| GOAL OF THE EXERCISE |
Give back every entry exactly; drop the pictures.

Web page caption snippets:
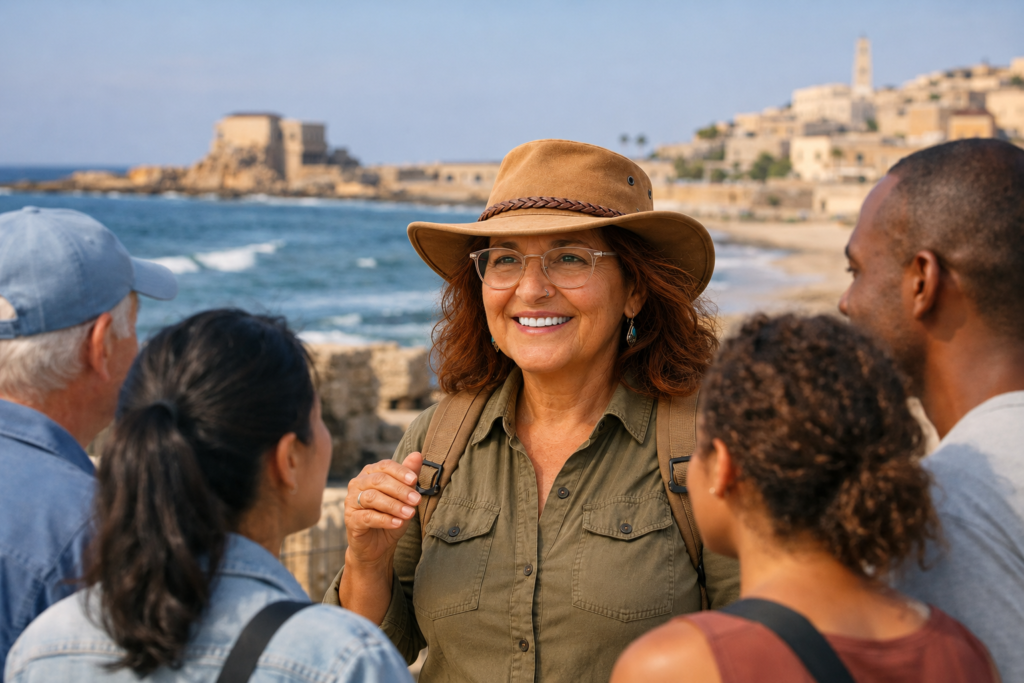 Caesarea Jaffa Day Tour That Flows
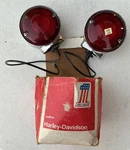 Harley-davidson Rear Turn Signal Lights Guide Sae DP62 (pair) (M1. Fixed Price $189.95.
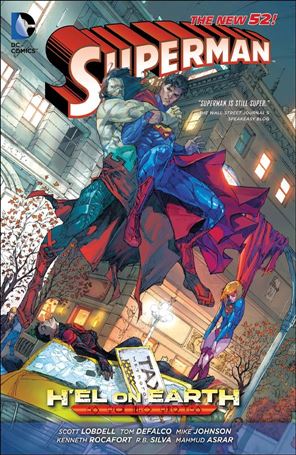 Superman: He'l on Earth Cover Image 1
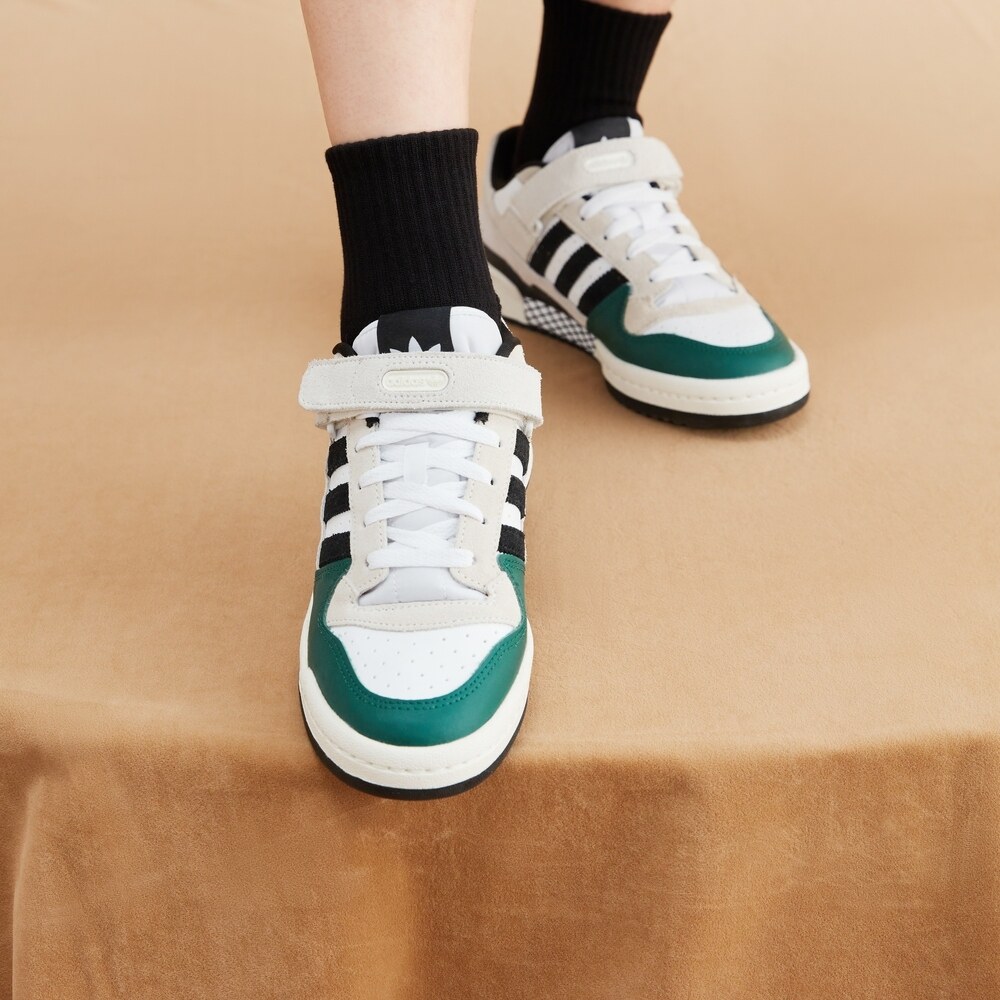 阿迪达斯forum 84 low男女新款运动 凡兮运动板鞋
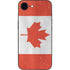 Canada Flag Distressed iPhone 16e Skin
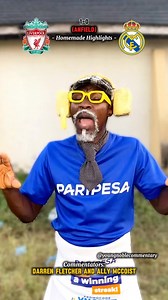 2.3M views · 10K reactions | LIVERPOOL 2-0 REAL MADRID (Homemade...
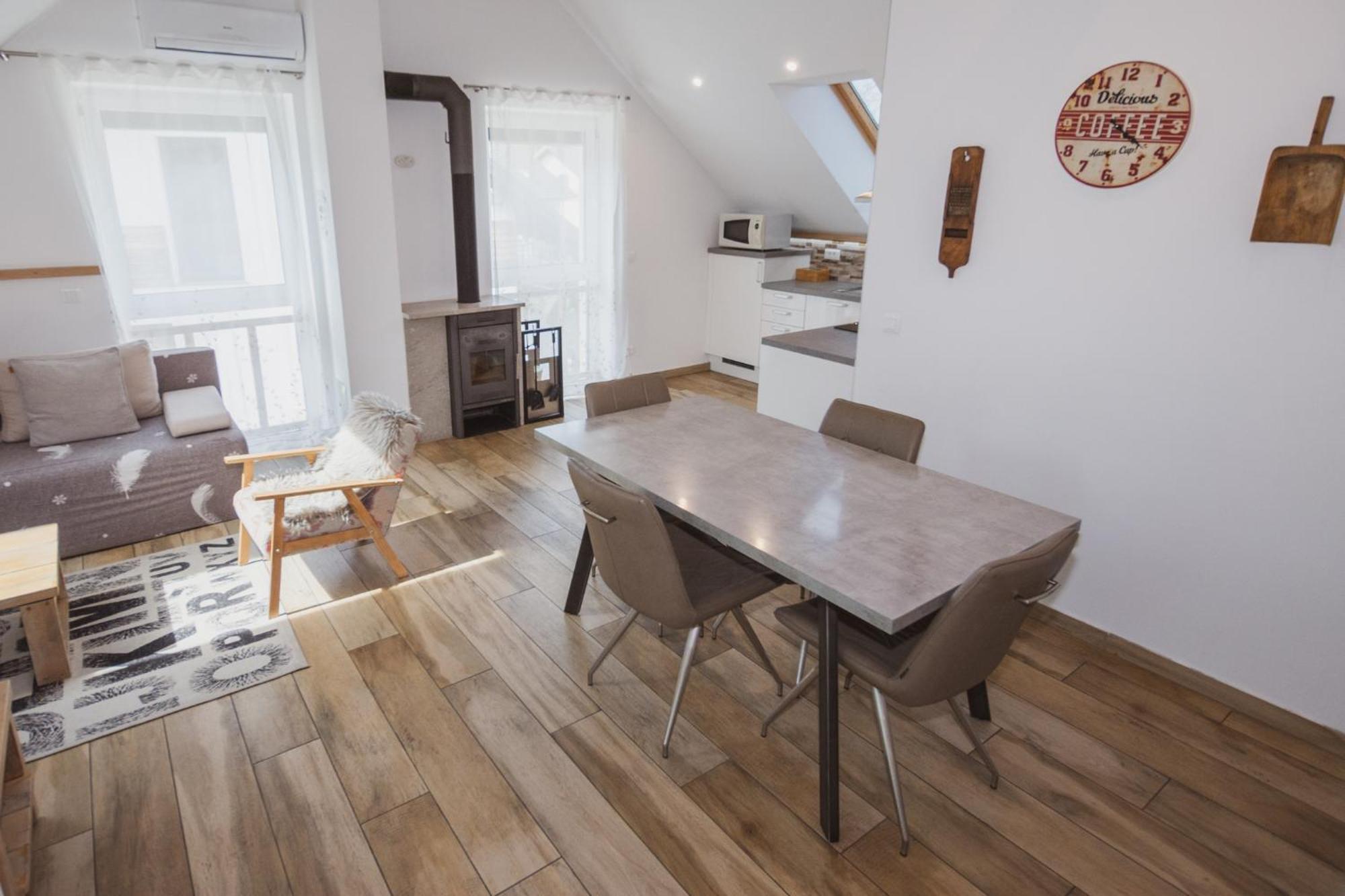 Pr'Fik Apartments Κραν Δωμάτιο φωτογραφία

| EXERCISE RESULT |
 Caesarea Jaffa Day Tour That Flows
 Harley-davidson Rear Turn Signal Lights Guide Sae DP62 (pair) (M1. Fixed Price $189.95.
 Superman: He'l on Earth Cover Image 1
 阿迪达斯forum 84 low男女新款运动 凡兮运动板鞋
 Canada Flag Distressed iPhone 16e Skin
 2.3M views · 10K reactions | LIVERPOOL 2-0 REAL MADRID (Homemade...
 Pr'Fik Apartments Κραν Δωμάτιο φωτογραφία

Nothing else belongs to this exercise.